L’absence de l’Algérie est déjà un problème majeur pour le succès de cette réunion tant ce pays est incontournable quand il s’agit de parler de sécurisation du Sahel. Pour Medhi Taje, professeur de géopolitique, c’est la puissance régionale « qui ne peut qu’avoir un rôle extrêmement important relatif à la sécurisation des frontières, à la fois sur le plan militaire, mais aussi sur le plan économique et sur le plan humain » et notamment par sa proximité géographique avec le Mali. « L’Algérie partage une frontière de 1 300 à 1 400 kilomètres avec le nord du Mali avec des populations qui sont imbriquées de part et d’autres. Des liens qui sont donc extrêmement étroits », poursuit cet expert auprès de l’Institut tunisien des études stratégiques, ajoutant qu’Alger avait développé une stratégie de « pompier pyromane ». Ce qui entraîne une méfiance de nombreux pays de la région et notamment des riverains du sud.
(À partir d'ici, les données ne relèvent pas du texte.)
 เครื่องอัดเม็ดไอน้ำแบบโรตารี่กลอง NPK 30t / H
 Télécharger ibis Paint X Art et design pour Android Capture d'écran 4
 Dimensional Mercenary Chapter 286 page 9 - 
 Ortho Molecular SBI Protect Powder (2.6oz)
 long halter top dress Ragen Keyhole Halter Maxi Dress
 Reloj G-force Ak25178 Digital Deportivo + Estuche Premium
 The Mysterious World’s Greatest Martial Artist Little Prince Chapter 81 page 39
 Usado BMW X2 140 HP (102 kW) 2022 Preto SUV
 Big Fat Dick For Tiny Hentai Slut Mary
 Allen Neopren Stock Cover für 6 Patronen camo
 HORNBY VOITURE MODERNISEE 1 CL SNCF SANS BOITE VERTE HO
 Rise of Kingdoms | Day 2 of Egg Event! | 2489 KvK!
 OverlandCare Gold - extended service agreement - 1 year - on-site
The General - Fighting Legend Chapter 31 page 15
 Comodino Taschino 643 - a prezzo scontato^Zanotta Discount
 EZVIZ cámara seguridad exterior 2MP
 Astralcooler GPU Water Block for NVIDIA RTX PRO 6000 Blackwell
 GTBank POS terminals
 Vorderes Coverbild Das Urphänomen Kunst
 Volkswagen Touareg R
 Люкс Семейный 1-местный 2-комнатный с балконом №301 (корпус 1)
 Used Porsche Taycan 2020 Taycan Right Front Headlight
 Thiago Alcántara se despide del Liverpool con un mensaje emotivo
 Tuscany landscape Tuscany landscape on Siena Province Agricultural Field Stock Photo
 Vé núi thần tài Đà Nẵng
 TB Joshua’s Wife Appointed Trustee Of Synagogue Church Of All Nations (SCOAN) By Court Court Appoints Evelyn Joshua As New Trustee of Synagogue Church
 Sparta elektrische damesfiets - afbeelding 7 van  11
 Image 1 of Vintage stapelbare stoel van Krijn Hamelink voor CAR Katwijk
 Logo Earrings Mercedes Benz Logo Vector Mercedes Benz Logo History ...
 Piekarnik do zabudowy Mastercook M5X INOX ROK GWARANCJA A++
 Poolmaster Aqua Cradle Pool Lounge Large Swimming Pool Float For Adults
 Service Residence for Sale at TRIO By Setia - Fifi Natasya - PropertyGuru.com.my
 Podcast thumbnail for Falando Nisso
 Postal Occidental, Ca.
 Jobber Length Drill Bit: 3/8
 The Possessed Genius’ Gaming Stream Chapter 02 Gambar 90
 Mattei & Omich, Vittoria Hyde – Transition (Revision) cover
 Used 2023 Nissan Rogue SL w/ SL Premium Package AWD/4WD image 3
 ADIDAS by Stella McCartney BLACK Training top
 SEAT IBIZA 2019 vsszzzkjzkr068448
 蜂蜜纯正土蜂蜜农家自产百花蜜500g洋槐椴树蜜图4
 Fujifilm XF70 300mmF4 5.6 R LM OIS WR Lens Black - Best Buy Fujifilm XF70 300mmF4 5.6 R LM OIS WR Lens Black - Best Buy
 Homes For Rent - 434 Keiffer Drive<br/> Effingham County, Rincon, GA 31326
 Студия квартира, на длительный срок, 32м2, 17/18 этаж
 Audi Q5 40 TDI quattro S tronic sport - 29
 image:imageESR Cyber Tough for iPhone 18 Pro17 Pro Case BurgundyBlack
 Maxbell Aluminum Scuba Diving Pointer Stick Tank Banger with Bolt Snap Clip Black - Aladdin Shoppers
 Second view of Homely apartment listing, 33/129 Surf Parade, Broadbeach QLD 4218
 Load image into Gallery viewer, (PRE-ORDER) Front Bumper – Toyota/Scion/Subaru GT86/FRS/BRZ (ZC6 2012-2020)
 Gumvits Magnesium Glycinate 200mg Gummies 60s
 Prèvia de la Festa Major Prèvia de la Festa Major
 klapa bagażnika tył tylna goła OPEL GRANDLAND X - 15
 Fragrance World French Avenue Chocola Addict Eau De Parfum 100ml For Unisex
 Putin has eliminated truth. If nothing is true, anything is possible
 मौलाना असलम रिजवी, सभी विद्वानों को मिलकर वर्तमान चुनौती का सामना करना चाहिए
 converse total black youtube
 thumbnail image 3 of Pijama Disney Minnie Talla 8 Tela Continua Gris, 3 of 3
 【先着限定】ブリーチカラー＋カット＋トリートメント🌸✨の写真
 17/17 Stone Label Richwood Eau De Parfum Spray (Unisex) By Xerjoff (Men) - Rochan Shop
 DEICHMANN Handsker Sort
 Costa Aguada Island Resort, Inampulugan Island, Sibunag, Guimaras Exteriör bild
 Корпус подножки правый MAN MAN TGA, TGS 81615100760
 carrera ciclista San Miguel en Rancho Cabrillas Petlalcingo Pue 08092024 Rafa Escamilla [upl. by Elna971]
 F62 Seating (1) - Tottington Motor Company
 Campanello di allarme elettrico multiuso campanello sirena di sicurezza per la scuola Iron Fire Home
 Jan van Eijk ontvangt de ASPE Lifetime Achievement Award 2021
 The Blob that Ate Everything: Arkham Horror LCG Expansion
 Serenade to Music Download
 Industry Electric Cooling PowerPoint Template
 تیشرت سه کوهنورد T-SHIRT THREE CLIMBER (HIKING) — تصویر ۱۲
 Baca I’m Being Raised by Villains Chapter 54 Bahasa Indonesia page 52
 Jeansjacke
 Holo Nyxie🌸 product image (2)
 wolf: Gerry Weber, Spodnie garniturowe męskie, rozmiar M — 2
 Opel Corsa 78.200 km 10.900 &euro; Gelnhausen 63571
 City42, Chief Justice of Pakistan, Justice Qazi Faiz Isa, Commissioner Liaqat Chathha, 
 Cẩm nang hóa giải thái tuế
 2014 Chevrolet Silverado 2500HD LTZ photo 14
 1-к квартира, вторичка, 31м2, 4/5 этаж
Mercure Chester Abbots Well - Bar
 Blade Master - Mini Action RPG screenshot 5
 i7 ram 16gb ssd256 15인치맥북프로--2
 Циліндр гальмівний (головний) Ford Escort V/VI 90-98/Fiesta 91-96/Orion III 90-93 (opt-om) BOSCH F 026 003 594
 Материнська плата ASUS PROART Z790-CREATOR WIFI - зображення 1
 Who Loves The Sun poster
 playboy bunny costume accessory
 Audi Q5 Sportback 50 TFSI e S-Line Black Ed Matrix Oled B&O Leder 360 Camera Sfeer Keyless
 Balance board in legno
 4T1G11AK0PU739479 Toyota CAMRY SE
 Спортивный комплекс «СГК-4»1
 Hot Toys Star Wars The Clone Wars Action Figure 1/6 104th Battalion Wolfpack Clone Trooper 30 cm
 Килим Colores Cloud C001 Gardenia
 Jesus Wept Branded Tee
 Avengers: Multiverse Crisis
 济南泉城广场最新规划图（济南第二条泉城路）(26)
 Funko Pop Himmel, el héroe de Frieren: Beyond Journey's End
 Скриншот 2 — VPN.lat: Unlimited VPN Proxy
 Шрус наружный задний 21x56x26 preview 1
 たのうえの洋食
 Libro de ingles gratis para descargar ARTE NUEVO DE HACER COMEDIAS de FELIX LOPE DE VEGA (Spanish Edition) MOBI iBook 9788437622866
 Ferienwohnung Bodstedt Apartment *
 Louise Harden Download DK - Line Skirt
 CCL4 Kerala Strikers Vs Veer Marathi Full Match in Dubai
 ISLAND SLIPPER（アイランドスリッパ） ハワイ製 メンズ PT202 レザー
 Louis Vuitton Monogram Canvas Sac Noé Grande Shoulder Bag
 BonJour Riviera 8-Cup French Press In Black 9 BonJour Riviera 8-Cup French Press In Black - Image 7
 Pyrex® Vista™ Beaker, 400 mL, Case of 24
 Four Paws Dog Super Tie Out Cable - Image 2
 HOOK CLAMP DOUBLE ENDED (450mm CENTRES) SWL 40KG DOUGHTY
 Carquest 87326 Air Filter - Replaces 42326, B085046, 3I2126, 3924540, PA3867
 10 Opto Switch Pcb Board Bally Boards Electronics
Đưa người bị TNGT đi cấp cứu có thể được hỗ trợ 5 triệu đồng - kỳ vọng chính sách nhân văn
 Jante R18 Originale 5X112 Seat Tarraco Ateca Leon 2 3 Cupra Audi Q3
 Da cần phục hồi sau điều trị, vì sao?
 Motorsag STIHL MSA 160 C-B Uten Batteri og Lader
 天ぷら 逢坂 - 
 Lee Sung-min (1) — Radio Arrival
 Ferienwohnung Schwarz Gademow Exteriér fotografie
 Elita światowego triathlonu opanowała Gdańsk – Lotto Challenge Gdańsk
« De nombreux responsables sécuritaires de pays sahéliens ne le cachent pas en privé, mais ne le disent pas publiquement parce qu’ils ont peur des mesures de rétorsions, compte tenu justement de sa capacité de nuisance », explique Mehdi Taje. « Dans l’Etat profond algérien, différents clans sont en lutte pour l’accaparement de la richesse pétrolière algérienne, pour la mainmise sur les trafics ou sur le pouvoir politique ». Et certains de ses clans, poursuit ce professeur de géopolitique tunisien, ont des liens avec des groupes comme Aqmi ou Ansar Dine, le groupe dirigé par le touareg malien, Iyad Ag Ghali.
Un manque de volonté politique manifeste
L’Algérie n’est pas le seul pays pointé du doigt. La Libye, depuis la chute de Mouammar Kadhafi, reste un « grand marché d’armes à ciel ouvert », estime Matthieu Pellerin, chercheur associé à l’Institut français des relations internationales (IFRI). Un Etat quasi inexistant, des milices qui règnent en maître et dans le sud du pays, des groupes terroristes qui profiteraient de ce chaos pour s’y installer, comme l’ont très souvent dénoncé ses voisins du sud, le Tchad et le Niger. Mais pour Matthieu Pellerin, tous les pays de la région manquent de volonté politique pour lutter contre les réseaux criminels au Sahel. « On voit bien que ces réseaux sont protégés », explique-t-il.
« Aujourd’hui, vous avez des narcotrafiquants notoires, notamment au Mali, certains ayant des mandats d’arrêt sur leur tête qui continuent de circuler librement dans la région ». Cette absence de volonté politique s’explique, selon plusieurs experts sur le Sahel, par les liens incestueux qu’entretiennent les pouvoirs locaux ou nationaux avec les trafiquants. Matthieu Pellerin estime également qu’il y a dans les pays riverains du Sahel une « absence de capacité manifeste ». Manque de moyens financiers, de personnel formé et des frontières à contrôler de milliers de kilomètres, autant de handicaps qui s’ajoutent pour mettre en place une surveillance efficace.